Pankreas, salgıladığı sıvı (günde yaklaşık 800-1000 ml kadar) ve enzimlerle gıdaların sindirilmesinde önemli bir yere sahiptir. Bunun yanında salgıladığı hormonlarla da vücutta çeşitli metabolik olayları düzenler. Pankreasın hormon salgılayan hücreleri tüm ağırlığının %1-3 ‘ü kadardır.

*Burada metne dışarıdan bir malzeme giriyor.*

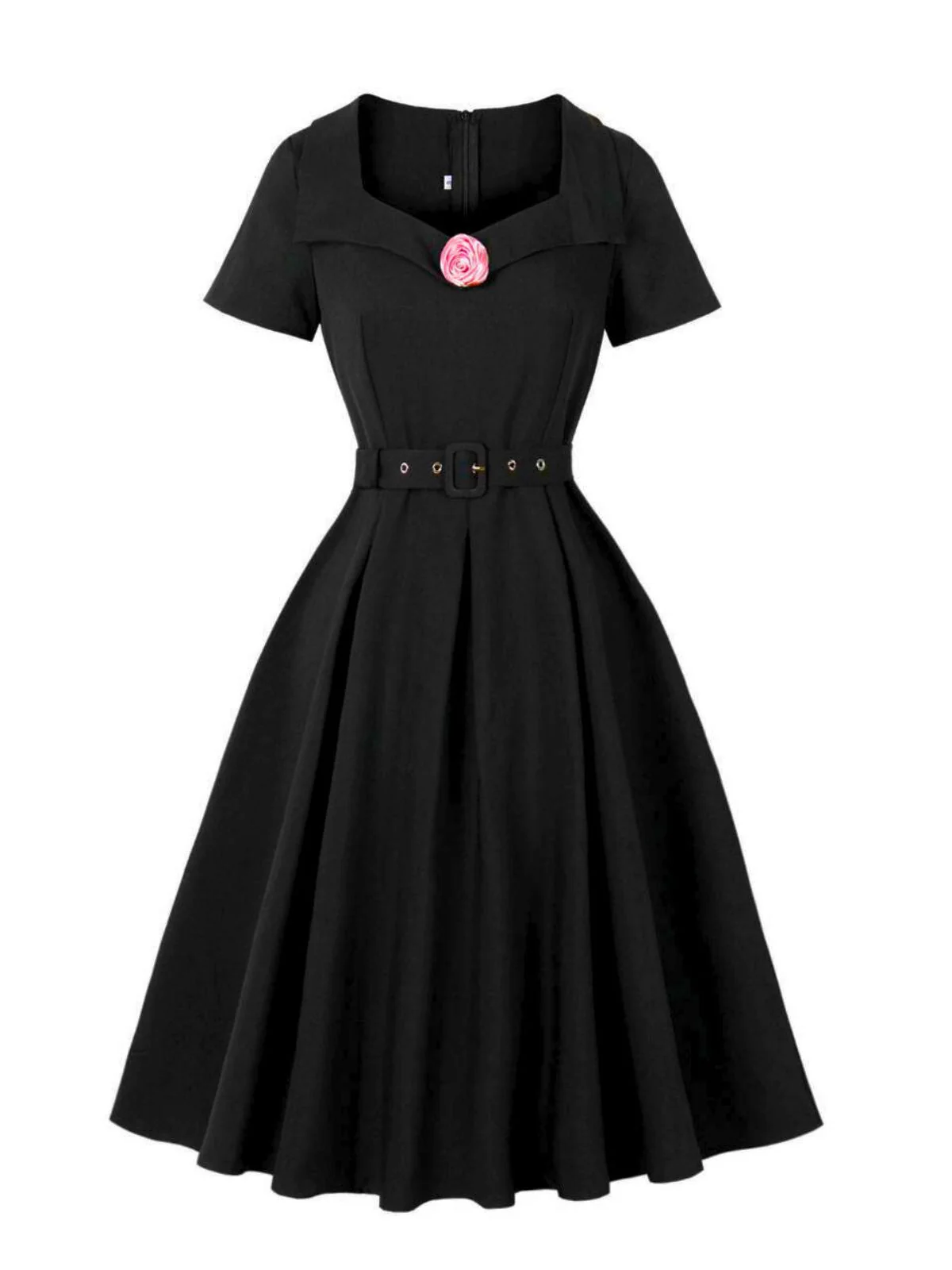 Robe trapèze noire unie col revers en forme de rose 3D des années 1950 - Image 3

Pankreas kanseri en sık görülen kanserler arasında ilk ona giremez ama en sık ölüme yol açan kanserler arasında dördüncüdür. Tüm kanserler arasında beş yıl sonunda hayatta kalma olasılığı en düşük kanserdir. Çoğu pankreras kanseri sindirim sıvıları salgılayan hücrelerden köken alan adenokanser şeklindedir. Hormon salgılayan hücrelerden köken alanlar ise pankreasın nöroendokrin tümörü olarak adlandırılır.

Pankreas kanseri risk faktörleri nelerdir?

Yetmiş yaşı civarı erkekler en sık görüldüğü gruptur. Sigara önemli bir risk faktörüdür. Diyabetiklerde, obezlerde, alkole bağlı kronik pankreatitit olanlarda, pankreasta kistik tümörü olanlarda daha sıktır.

Pankreas kanseri belirtileri nelerdir?

Genellikle pankreas kanseri belirtileri geç ortaya çıkar ve belirsizdir. Hastadaki belirtiler hangi pankreas kanserinin olduğuna bağlıdır.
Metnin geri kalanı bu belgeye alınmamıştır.